Hi Razvan, could you not put so many blank
lines in your posts, and do not alos not
post 'tab' characters?
What do you think about the following code ?

Not much.

I replaced your code (the second of which
does not compile), with this version that
is self contained and does compile.

<sscce>
public class CDummy1 {

CDummy1() {
System.out.print("CDummy 1\t ");

int xx = 7, yy;

if (xx < 10) yy = 10;
else yy = 20;

// I expect 10
System.out.println(yy);
}

public static void main(String args[]) {
new CDummy1();
new CDummy2();
}
}

/** Your second CDummy class did not compile. */
class CDummy2 {

CDummy2() {
System.out.print("CDummy 2\t ");

// initinalise yy to -1
int xx = 7, yy=-1;

if (xx < 10) yy = 10;
if (xx >= 10) yy = 20;

// I expect 10
System.out.println(yy);
}
}
Just try to guess what the output will be without compiling/running.

...see comments in code
Have you guessed right in both cases ?

Not so much a guess, but yes, I got it
right in the case of my code, ..
..(on Sun's jdk1.4 the above
mentionated classes do not yield the same result)

...whereas your second example would not
compile, so it is hard to say what result
you are talking about.
 
C

Chris Uppal

Andrew said:
/** Your second CDummy class did not compile. */

I think Razvan's point is that it doesn't compile.

I wouldn't expect it to, anyway.

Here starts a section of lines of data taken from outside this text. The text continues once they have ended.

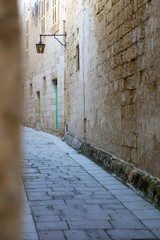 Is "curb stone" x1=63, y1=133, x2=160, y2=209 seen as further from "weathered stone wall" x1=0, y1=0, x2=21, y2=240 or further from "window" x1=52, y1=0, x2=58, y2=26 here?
"window" x1=52, y1=0, x2=58, y2=26

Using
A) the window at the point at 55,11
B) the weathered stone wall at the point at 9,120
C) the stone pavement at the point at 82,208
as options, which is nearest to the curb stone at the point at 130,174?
the stone pavement at the point at 82,208

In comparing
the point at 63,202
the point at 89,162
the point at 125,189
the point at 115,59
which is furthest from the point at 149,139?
the point at 89,162

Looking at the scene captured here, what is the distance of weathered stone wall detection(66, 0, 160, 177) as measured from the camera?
16.6 ft

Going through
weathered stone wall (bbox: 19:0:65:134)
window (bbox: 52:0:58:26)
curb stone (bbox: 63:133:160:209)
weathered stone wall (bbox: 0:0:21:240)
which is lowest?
curb stone (bbox: 63:133:160:209)

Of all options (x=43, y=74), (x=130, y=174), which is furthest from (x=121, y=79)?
(x=43, y=74)

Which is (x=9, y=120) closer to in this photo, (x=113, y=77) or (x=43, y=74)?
(x=113, y=77)

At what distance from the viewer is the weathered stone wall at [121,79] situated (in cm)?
506

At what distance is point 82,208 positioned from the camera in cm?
460

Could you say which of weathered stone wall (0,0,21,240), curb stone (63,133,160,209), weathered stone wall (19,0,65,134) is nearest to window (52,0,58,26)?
weathered stone wall (19,0,65,134)

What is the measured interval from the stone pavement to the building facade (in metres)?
0.57

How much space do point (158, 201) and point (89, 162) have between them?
382 cm

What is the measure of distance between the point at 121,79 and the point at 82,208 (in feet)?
8.76

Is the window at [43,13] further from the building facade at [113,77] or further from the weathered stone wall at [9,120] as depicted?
the weathered stone wall at [9,120]

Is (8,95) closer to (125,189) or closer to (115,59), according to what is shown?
(125,189) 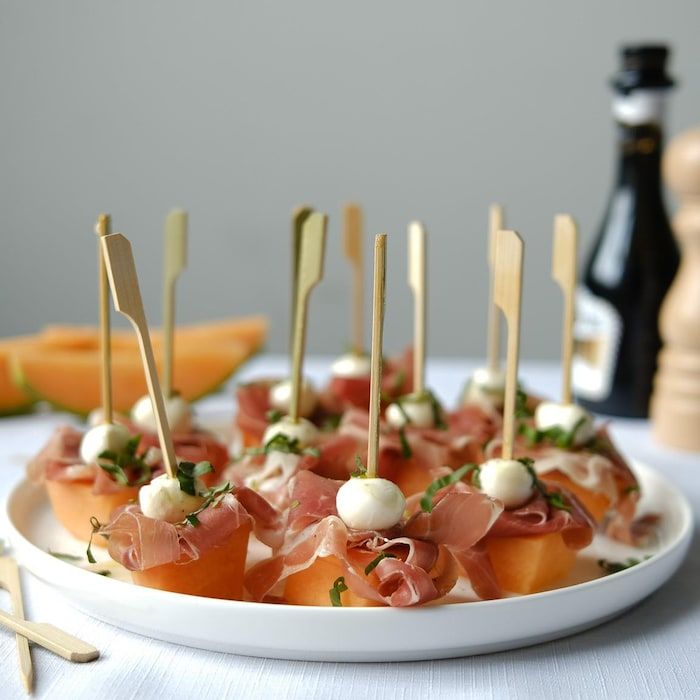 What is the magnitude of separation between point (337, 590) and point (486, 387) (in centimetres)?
80

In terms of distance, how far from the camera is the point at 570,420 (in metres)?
1.40

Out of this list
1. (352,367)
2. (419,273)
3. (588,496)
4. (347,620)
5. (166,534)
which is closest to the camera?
(347,620)

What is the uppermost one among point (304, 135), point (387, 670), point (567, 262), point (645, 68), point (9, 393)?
point (645, 68)

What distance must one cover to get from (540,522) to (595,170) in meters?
3.00

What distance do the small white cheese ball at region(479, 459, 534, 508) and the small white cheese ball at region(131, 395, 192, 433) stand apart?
547 millimetres

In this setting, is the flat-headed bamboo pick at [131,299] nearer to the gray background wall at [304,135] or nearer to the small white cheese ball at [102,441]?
the small white cheese ball at [102,441]

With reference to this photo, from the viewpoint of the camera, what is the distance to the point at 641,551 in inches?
50.0

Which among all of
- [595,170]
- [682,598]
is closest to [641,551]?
[682,598]

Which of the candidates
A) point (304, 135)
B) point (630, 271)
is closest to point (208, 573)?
point (630, 271)

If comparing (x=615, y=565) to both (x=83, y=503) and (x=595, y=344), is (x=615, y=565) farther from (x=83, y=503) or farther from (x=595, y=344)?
(x=595, y=344)

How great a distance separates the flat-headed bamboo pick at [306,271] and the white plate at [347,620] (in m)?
0.43

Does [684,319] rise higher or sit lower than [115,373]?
higher

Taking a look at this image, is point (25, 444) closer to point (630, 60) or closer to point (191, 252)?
point (630, 60)

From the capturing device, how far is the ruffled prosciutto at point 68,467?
1.24 meters
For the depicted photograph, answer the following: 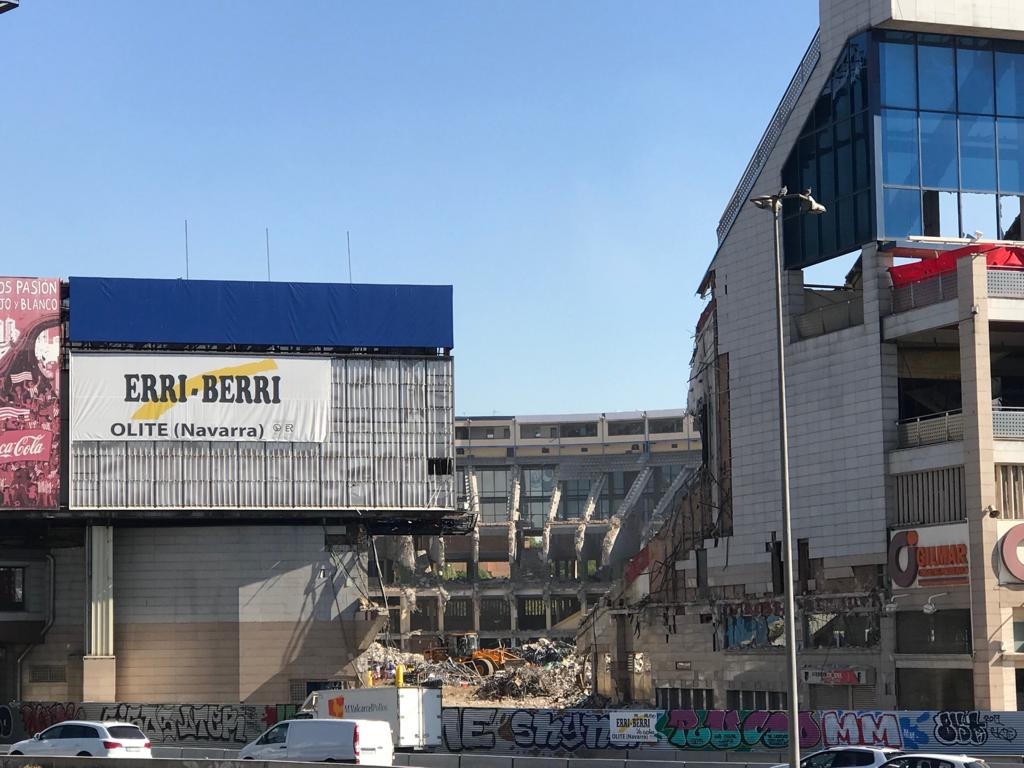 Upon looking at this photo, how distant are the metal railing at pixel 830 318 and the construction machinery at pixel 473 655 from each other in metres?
51.5

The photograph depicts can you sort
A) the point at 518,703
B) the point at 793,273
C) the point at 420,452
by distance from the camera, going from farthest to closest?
1. the point at 518,703
2. the point at 420,452
3. the point at 793,273

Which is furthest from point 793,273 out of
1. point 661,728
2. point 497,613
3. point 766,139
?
point 497,613

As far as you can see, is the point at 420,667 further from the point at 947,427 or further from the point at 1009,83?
the point at 1009,83

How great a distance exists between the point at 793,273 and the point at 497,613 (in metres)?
92.6

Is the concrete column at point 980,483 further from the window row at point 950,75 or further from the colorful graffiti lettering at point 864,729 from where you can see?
the window row at point 950,75

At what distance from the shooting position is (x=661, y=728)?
53844 mm

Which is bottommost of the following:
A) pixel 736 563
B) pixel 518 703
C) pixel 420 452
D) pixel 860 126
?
Answer: pixel 518 703

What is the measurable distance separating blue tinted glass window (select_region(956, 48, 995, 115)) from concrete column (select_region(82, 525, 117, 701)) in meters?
48.5

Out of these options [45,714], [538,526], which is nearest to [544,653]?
[538,526]

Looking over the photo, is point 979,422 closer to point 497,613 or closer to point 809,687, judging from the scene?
point 809,687

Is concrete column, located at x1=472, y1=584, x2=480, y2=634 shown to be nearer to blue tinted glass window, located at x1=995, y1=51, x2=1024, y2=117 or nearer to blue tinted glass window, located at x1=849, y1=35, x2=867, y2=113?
blue tinted glass window, located at x1=849, y1=35, x2=867, y2=113

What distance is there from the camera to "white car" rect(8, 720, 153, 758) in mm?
50469

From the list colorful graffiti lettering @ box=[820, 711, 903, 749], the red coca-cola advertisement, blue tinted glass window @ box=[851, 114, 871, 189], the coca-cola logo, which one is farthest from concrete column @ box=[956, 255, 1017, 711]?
the coca-cola logo

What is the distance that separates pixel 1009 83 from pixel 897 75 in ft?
19.0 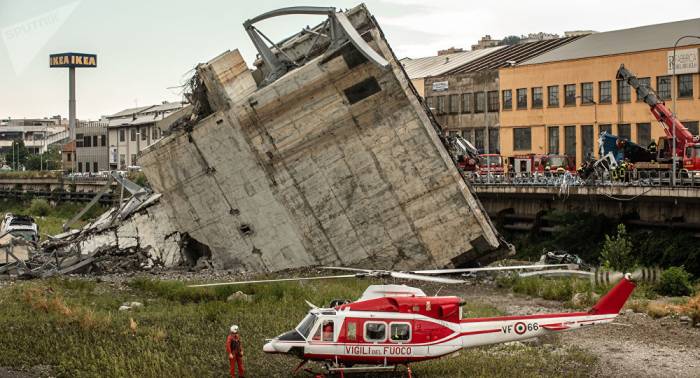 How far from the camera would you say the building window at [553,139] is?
2709 inches

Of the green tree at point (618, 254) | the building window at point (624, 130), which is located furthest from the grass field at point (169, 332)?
the building window at point (624, 130)

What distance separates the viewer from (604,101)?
212ft

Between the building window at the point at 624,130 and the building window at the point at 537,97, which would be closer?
the building window at the point at 624,130

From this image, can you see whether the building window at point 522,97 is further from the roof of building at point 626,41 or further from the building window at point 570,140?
the building window at point 570,140

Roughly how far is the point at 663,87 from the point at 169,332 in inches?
1573

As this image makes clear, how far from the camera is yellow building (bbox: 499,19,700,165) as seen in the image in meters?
60.8

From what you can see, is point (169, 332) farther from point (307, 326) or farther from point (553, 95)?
point (553, 95)

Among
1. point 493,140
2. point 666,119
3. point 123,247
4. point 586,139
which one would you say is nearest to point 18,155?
point 493,140

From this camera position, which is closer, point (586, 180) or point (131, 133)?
point (586, 180)

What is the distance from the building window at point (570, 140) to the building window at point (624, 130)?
3.84 metres

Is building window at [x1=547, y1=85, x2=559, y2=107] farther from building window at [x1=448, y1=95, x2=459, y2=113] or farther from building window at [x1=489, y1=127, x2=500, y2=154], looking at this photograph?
building window at [x1=448, y1=95, x2=459, y2=113]

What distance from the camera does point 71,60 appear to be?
175 meters

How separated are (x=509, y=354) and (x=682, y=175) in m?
23.5

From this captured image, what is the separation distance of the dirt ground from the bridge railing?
41.0 feet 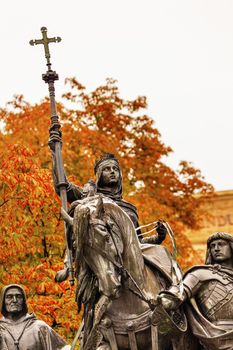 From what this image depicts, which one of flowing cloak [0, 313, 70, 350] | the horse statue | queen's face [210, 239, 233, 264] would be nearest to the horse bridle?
the horse statue

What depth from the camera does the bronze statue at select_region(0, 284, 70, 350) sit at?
65.9ft

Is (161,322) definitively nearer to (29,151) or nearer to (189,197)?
(29,151)

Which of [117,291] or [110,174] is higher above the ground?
[110,174]

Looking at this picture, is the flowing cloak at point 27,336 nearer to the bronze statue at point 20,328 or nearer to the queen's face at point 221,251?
the bronze statue at point 20,328

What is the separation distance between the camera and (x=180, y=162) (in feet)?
165

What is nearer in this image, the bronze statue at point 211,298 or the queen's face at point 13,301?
the bronze statue at point 211,298

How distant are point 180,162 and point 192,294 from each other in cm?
3177

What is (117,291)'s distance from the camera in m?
17.8

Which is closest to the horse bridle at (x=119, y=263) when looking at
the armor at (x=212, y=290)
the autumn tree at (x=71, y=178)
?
the armor at (x=212, y=290)

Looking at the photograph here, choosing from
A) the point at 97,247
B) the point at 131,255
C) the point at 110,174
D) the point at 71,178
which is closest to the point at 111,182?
the point at 110,174

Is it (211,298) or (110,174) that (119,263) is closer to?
(211,298)

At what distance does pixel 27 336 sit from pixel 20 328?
16 centimetres

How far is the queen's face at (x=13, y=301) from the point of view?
20219 mm

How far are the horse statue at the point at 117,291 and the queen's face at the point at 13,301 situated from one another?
1953 mm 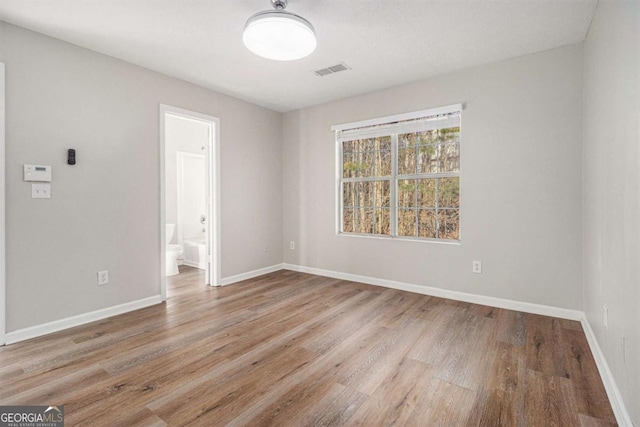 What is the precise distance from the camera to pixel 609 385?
72.3 inches

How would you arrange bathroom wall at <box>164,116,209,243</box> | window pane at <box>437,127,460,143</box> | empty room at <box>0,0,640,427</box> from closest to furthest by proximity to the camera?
empty room at <box>0,0,640,427</box>
window pane at <box>437,127,460,143</box>
bathroom wall at <box>164,116,209,243</box>

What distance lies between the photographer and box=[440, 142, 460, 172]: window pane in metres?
3.62

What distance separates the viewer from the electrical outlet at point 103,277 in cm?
303

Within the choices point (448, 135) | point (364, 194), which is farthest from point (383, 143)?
point (448, 135)

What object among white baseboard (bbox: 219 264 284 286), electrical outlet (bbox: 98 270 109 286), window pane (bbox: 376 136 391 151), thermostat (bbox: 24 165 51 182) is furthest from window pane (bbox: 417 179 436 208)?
thermostat (bbox: 24 165 51 182)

I haven't tested it (so I'm setting myself up
to look stupid here ;-) but I'd expect the compiler to reject the code because
'yy' is not initialised in every path.

We are cleverer than the compiler, so we can see that it /is/ initialised on
every path. But the important point is that the compiler is using specific
/rules/, which are part of the Java language definition, to determine what is
legal and what is not. According to those rules (which are deliberately
simpler than they have to be) 'yy' is not "definitely assigned" before its use
in the println().

Chapter 16 of the Java Language Specification (second edition) defines the
rules for definite assignment,

-- chris
 
J

Joona I Palaste

I think Razvan's point is that it doesn't compile.
I wouldn't expect it to, anyway. I haven't tested it (so I'm setting myself up
to look stupid here ;-) but I'd expect the compiler to reject the code because
'yy' is not initialised in every path.
We are cleverer than the compiler, so we can see that it /is/ initialised on
every path. But the important point is that the compiler is using specific
/rules/, which are part of the Java language definition, to determine what is
legal and what is not. According to those rules (which are deliberately
simpler than they have to be) 'yy' is not "definitely assigned" before its use
in the println().
Chapter 16 of the Java Language Specification (second edition) defines the
rules for definite assignment,

The fact that the compiler is not sentient and does not possess a human
sense of deduction causes frequent amazement among newbies. Just a few
weeks earlier we had a question why this kind of code does not compile:

public class MyClass {
public void doIt() {
/* ... */
}
}

public class Test {
public static void main(String[] args) {
List list = new ArrayList();
/* ... */
Object obj = list.get(0);
if (obj instanceof MyClass) {
obj.doIt();
}
}
}

I think the poster even expected this form of main() to compile:

public static void main(String[] args) {
List list = new ArrayList();
/* ... */
Object obj = list.get(0);
int i=500;
if (obj instanceof MyClass) {
i=401;
}
if (i%2 == 0) {
return;
}
obj.doIt();
}

If the deduction involves knowledge of the environment around the Java
program, then the question becomes even more interesting. =)
 
C

Chris Uppal

Joona said:
The fact that the compiler is not sentient and does not possess a human
sense of deduction causes frequent amazement among newbies.

<grin/>

This is one of the reasons why I think it important to emphasise not just that
the compiler /doesn't/ deduce these things, but that /it is not allowed to/.
That there are very definite Rules, and that those Rules are part of the
language definition.

Otherwise it becomes hard to understand why the compiler doesn't deduce the
legallity of constructions like:

Objet o = ...;
if (o instanceof Dog) { o.bark(); }

which is, after all, perfectly sensible. It just does not happen to be legal
Java....

-- chris
 
R

Razvan

Andrew said:
I think Razvan's point is that it doesn't compile.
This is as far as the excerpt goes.